When the lockout ended and the sport we loved resumed action much battered and bedamned in the public perception, no one was sure how the salary cap would work. Now we know how it’s worked around, we also know how it fails. We’ve seen artistic arrangements that let teams spread out the money for a contract well past when anyone expects the player to still be on that team or in the NHL at all. We’ve seen two contracts voided, and worse we’ve seen a hyper-inflation that is damaging the very teams it was supposed to protect.
In the six seasons since the lockout ended, the salary cap his sky rocketed from $39million and change to over $64 million. The salary floor for 2011-12 is 20% higher than the ceiling was six years ago. Assuming teams spend their money equally well, a small market team, or simply one where hockey is not as entrenched as it is in Boston, Montreal or Toronto is now spending about twice as much to be competitive. What part of the economy has expanded even 20% to support this? The US jobless rate has been at near historic levels nearly the whole time. A team ( at least partly through bungling ownership) has been relocated to a place its chances are only so-so , the Coyotes have been in a state of meltdown almost since they arrived from that same city that couldn’t support a team, and others have enormous amounts of rumors swirling around them.
I’m not sure anyone could track down all the issues with ownership that at least appear to be (blissfully) in the past in Tampa Bay, Columbus (a nice little city) is one of the teams that should have noticed the sharp, shiny teeth of their wolf in lease clothing and negotiated better and these are just two easily spotted issues. Even the Nashville Predators who have one the top goalies on the planet, the guy who should have won the Norris Trophy this season, and a high quality defensive unit haven’t hit a level where they are a money printing machine. The Dallas Stars and St Louis Blues are two other teams who have giant question marks in the ownership column.
When you look at the last few free agency periods they can’t help but make you think of someone who goes into a bar, gets falling down drunk, blindfolds themselves and takes home the first person to grab their arm at last call. Some of the contracts handed out bear no resemblance to the talent level of the players. Worse, it is preventing players who are more talented from being promoted out of the AHL or major juniors or called in from collegiate play. Many of these players will stagnate if not challenged by high end skill sets. For teams rebuilding, or trying to build their market (which by all reasonable indications takes about a generation) having the ability to take a high draft pick and put them into the NHL lineup quickly where they can grow in front of and in turn help feed their home market is rapidly diminishing.
The Columbus Blue Jackets and Florida Panthers have two of the most promising prospect stables of talent in the NHL, and yet between the two of them they went out and signed or traded for well over forty million cap dollars this season. Deals like Kopecky’s, which rewards a marginal third line player who’s never topped fifteen goals, in four seasons has only cracked twenty points once and is a career minus 19 with each year of his career having been spent on a playoff team, one of them a Cup winner. With a saner cap floor the Florida Panthers might have brought up anyone of their well regarded forward prospects.

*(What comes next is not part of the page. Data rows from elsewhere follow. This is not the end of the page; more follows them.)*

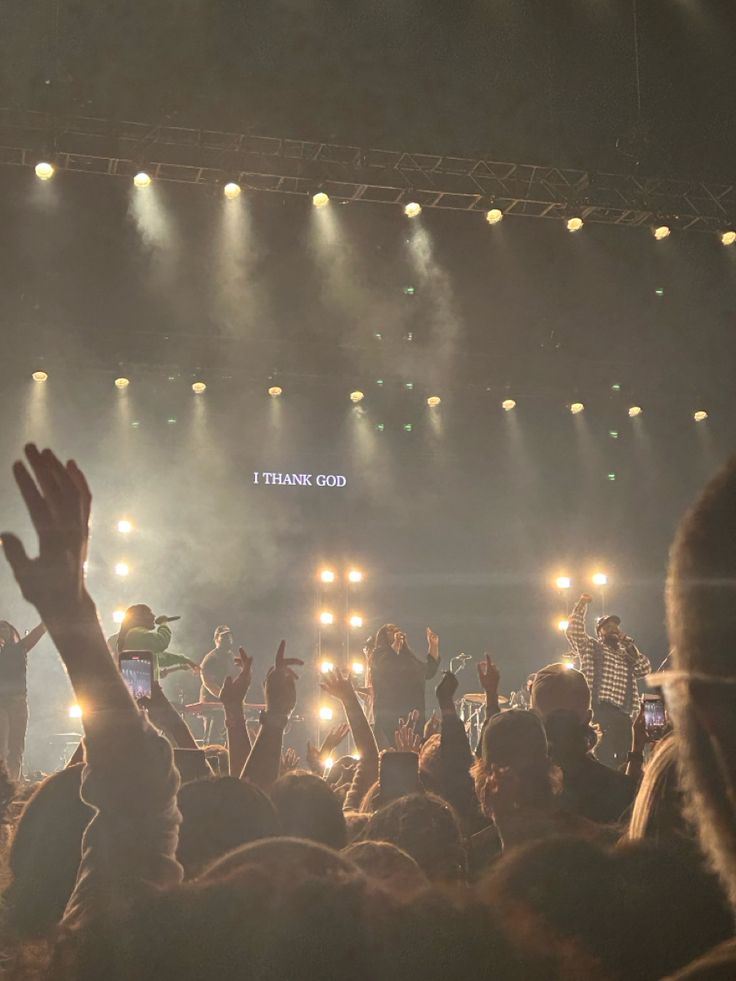 a group of people standing on top of a stage with their hands in the air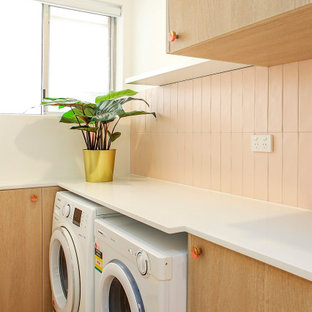 Inredning av en liten vita linjär vitt tvättstuga enbart för tvätt, med släta luckor, skåp i ljust trä, bänkskiva i kvarts, rosa stänkskydd, stänkskydd i keramik, gula väggar, vinylgolv, en tvättmaskin och torktumlare bredvid varandra och rosa golv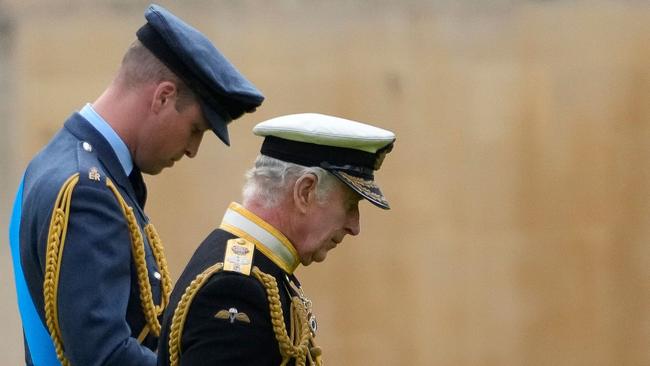 Prince William, left, and King Charles at the Committal Service for Queen Elizabeth II in St George's Chapel inside Windsor Castle on Tuesday (AEST). Picture: AFP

The question is what’s in it for each group who will be involved in setting up the next CBA, Without at least two of these groups pushing for it the leagues mid to long term future is at best highly unstable. The NHL could be looking at a situation like the NBA where more than half the teams are losing money, and teams are shuffled across the map on a regular basis. So what’s in it?
For building and or rebuilding teams (this includes future expansion teams) the ability to bring up prospects through the team as the foundation for a team and get them to the NHL at the earliest moment they are ready minimizing developmental costs, and preventing having to overpay free agents. It also maximizes fan appeal by leveraging the cache high draft picks have and turning it into revenue in the form of ticket sales, merchandise and TV ratings.
For established teams with a solid product if the salary floor is lowered they will transfer less money struggling teams that they can keep or reinvest in arena enhancements, training facilities, scouting staff or use towards building a replacement venue.
For players the answer is simplest of all; jobs. With the difficulty that NHL has had in finding viable owners of any sort for the last decade, the possibility of contraction can’t be ignored. While the KHL is a newer entity, one of the premier Russian club teams folded its doors last season because of what some would call a non-viable economic situation in that league. With more ownership profitability, the probability of expansion goes up, which will create more jobs and likely extend the careers of players. A stable NHL which can keep producing Bobby Ryan’s, Alex Ovechkin’s, Steve Stamkos’s, Ryan Miller’s, Duncan Keith’s, Taylor Hall’s, Shea Weber’s and have them spread out across the continent has the real chance to expand as far as 36 teams without even saturating markets.
These, and other reasons are why the next CBA must include provisions similar to:
A fixed salary floor shall be set at no higher than forty million per year for the first five years of the agreement provided teams are in distress, or subject to a leasing agreement that would prohibit them from spending to the cap ceiling:
- Have a NHL roster including at least 8 players who were either drafted and developed by the team, or who have played 25 or less NHL games for other teams.
- At least 35% of the difference between the distressed floor and standard floor must be used towards buying out or buying down a lease or a facilities upgrade.